* **THE PROBLEM**
Drop the images, then output the listing exactly.
------------------------------
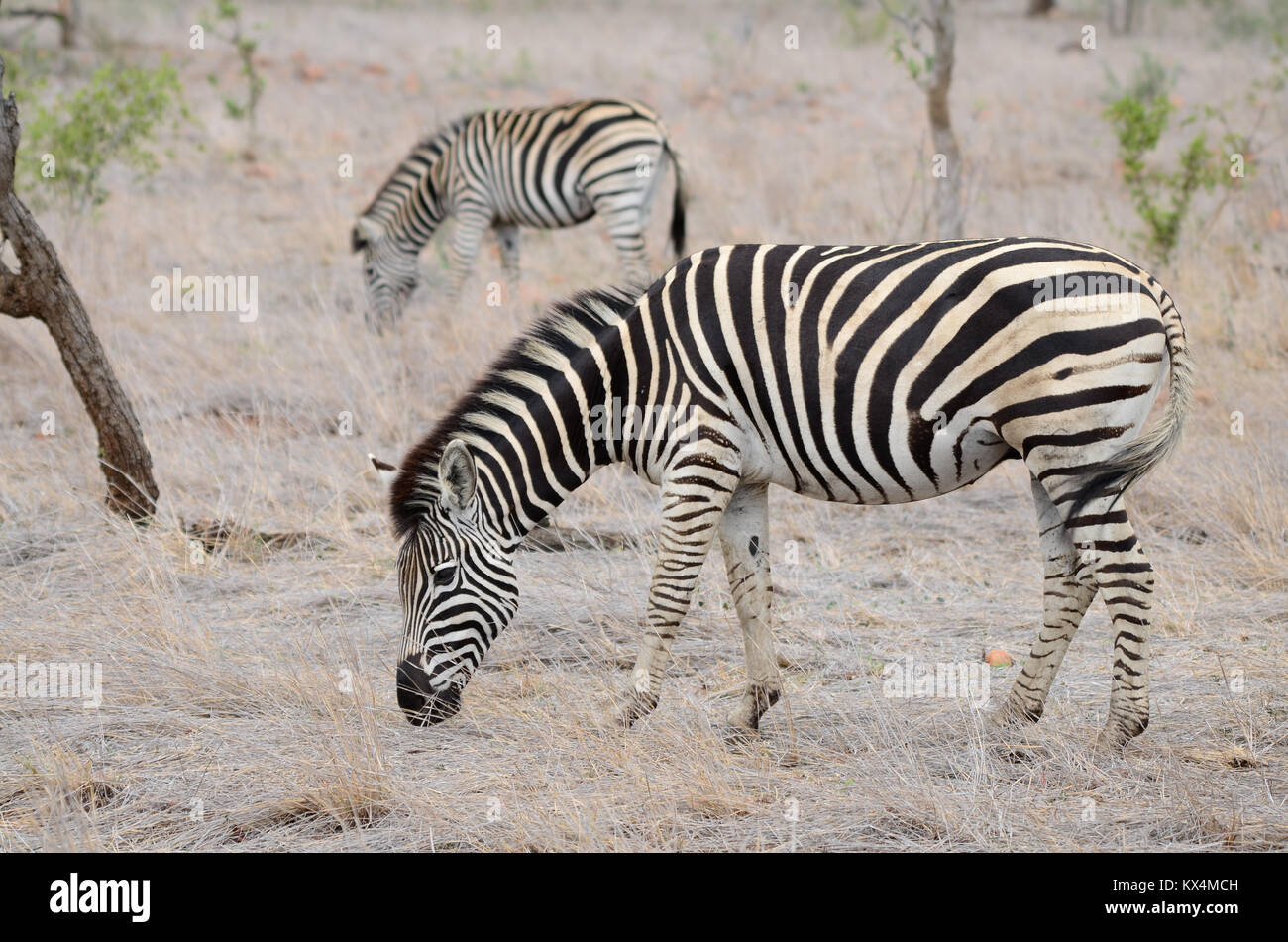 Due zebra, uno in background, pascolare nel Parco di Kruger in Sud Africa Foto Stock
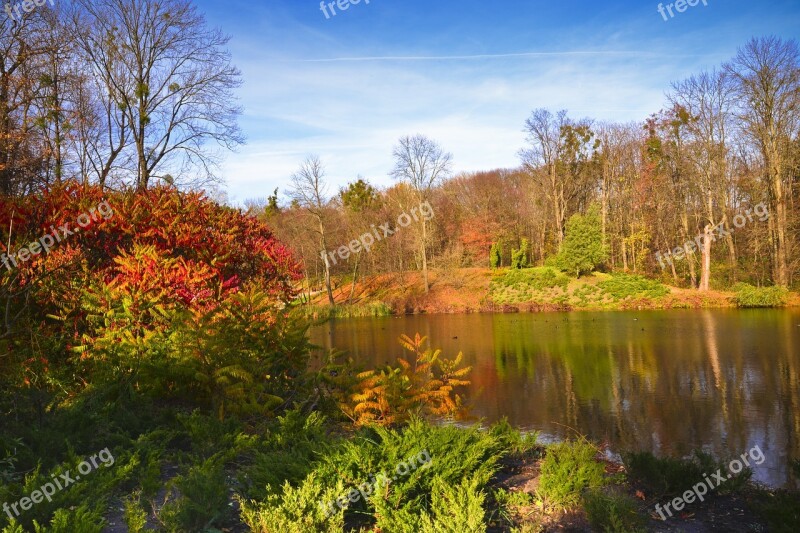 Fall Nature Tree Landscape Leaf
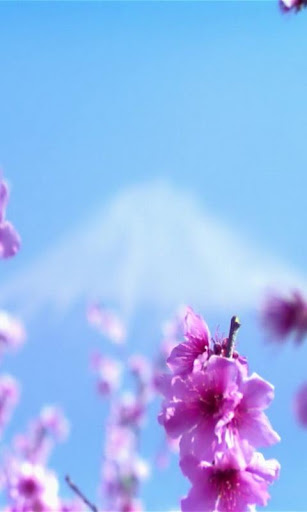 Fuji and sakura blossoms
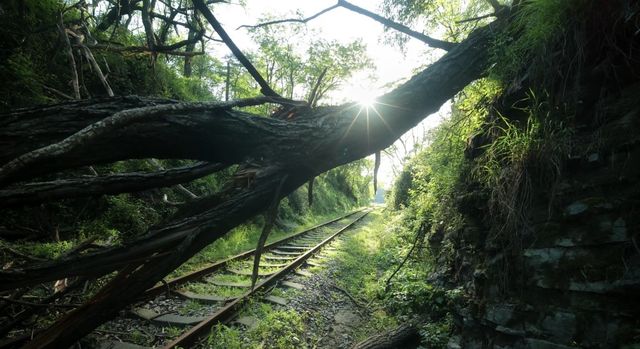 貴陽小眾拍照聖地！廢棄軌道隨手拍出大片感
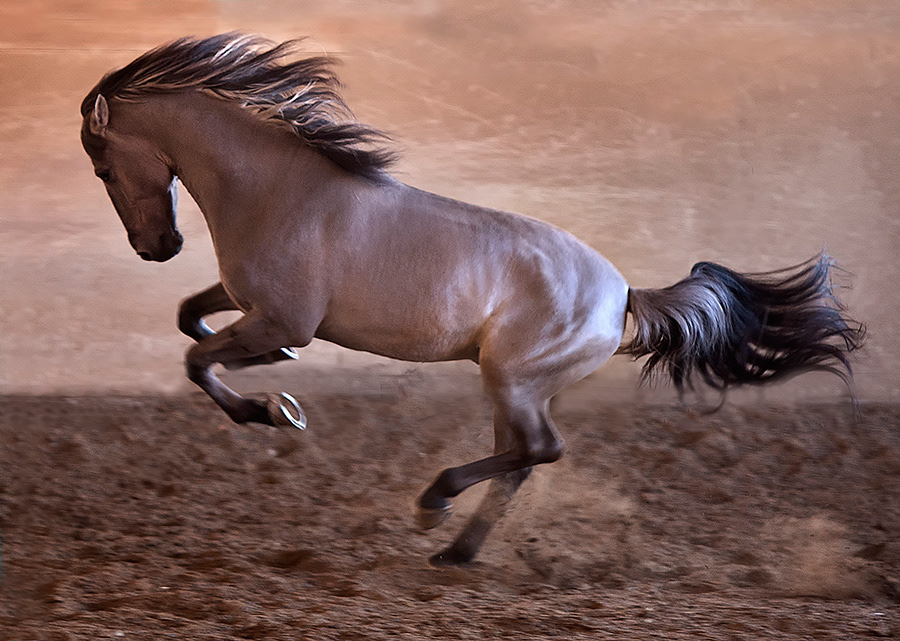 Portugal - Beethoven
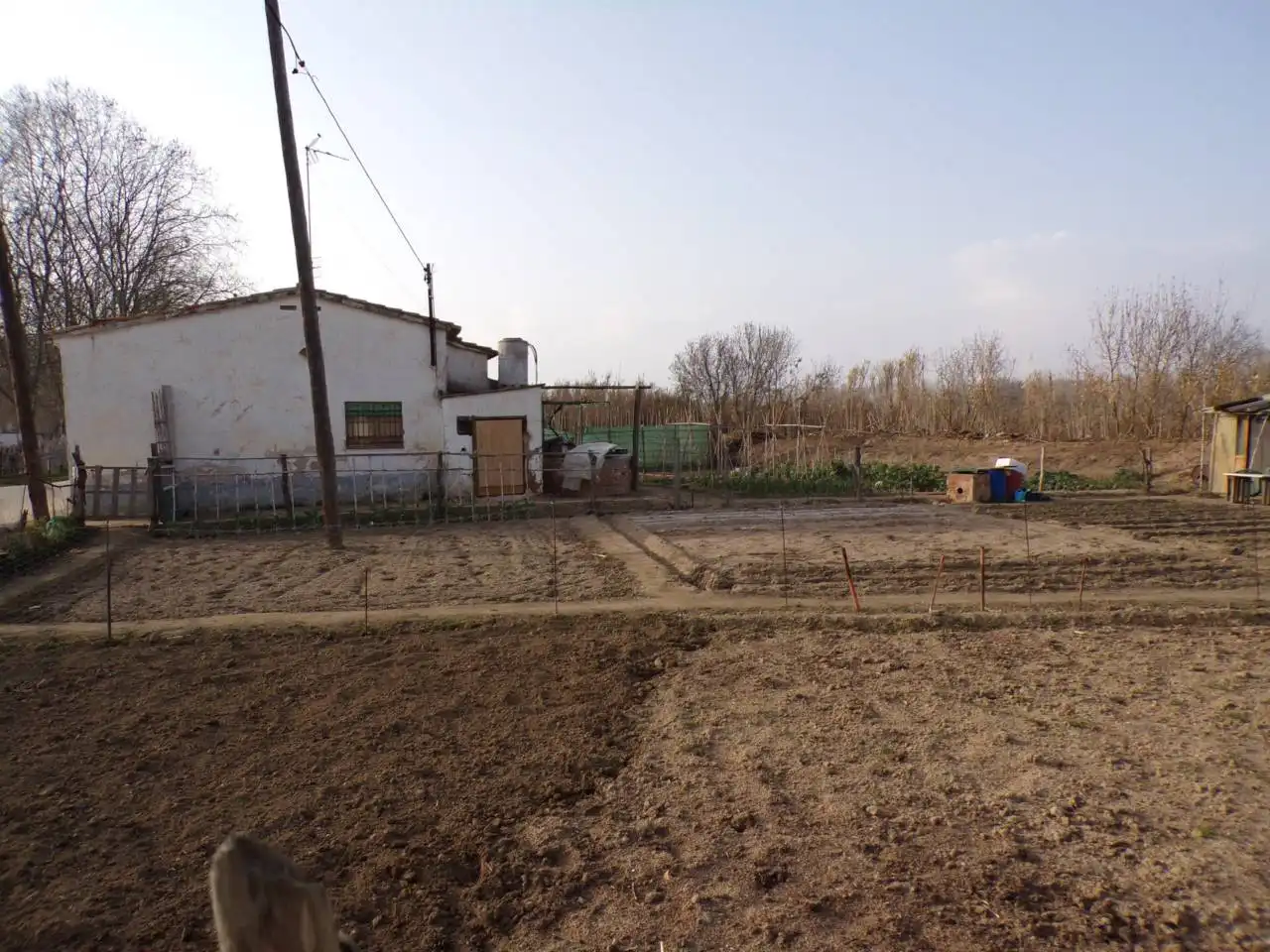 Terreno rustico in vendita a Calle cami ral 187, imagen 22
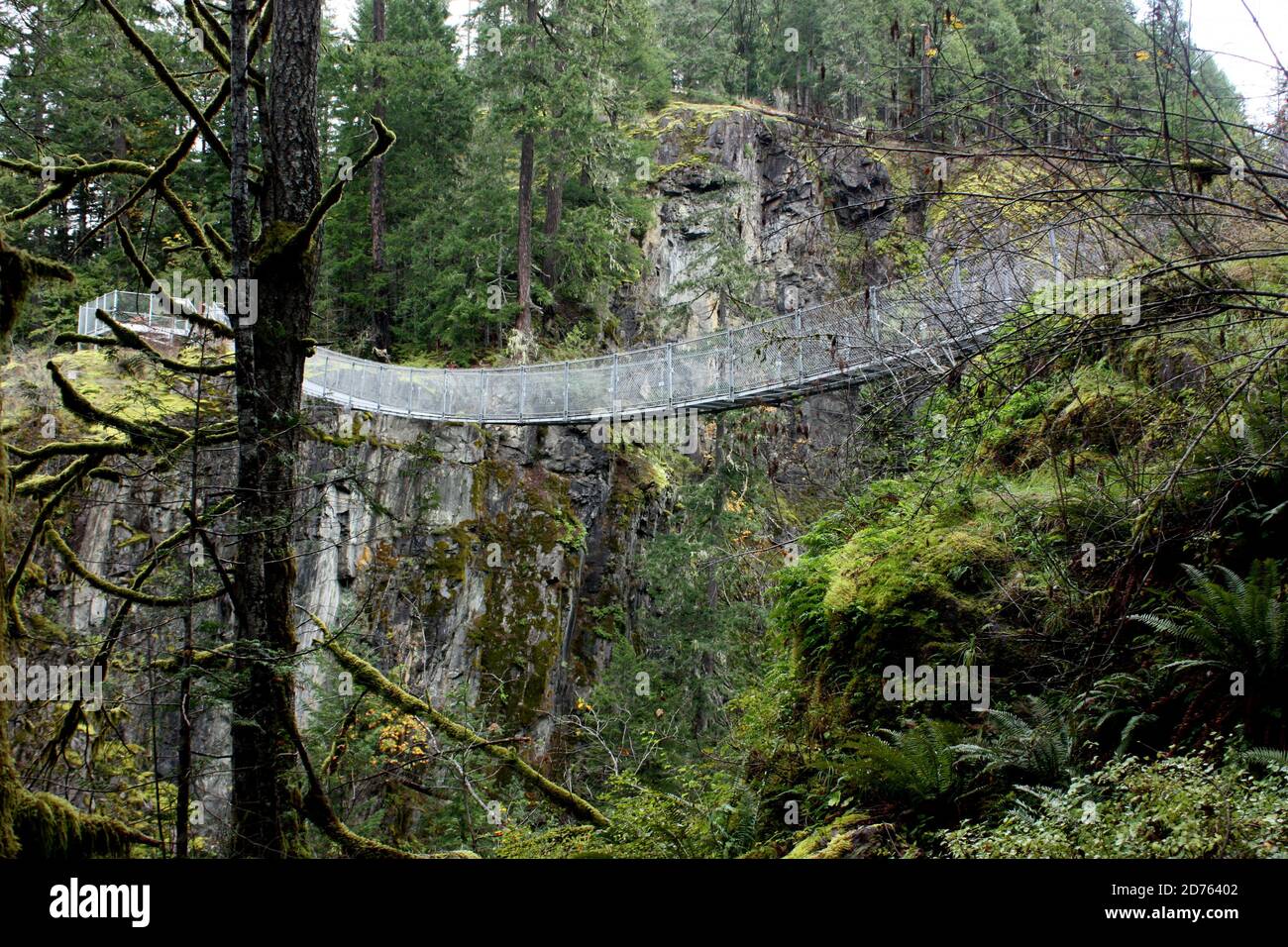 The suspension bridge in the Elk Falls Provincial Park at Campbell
------------------------------
* **OUTPUT FOR THIS TASK**
 Due zebra, uno in background, pascolare nel Parco di Kruger in Sud Africa Foto Stock
 Fall Nature Tree Landscape Leaf
 Fuji and sakura blossoms
 貴陽小眾拍照聖地！廢棄軌道隨手拍出大片感
 Portugal - Beethoven
 Terreno rustico in vendita a Calle cami ral 187, imagen 22
 The suspension bridge in the Elk Falls Provincial Park at Campbell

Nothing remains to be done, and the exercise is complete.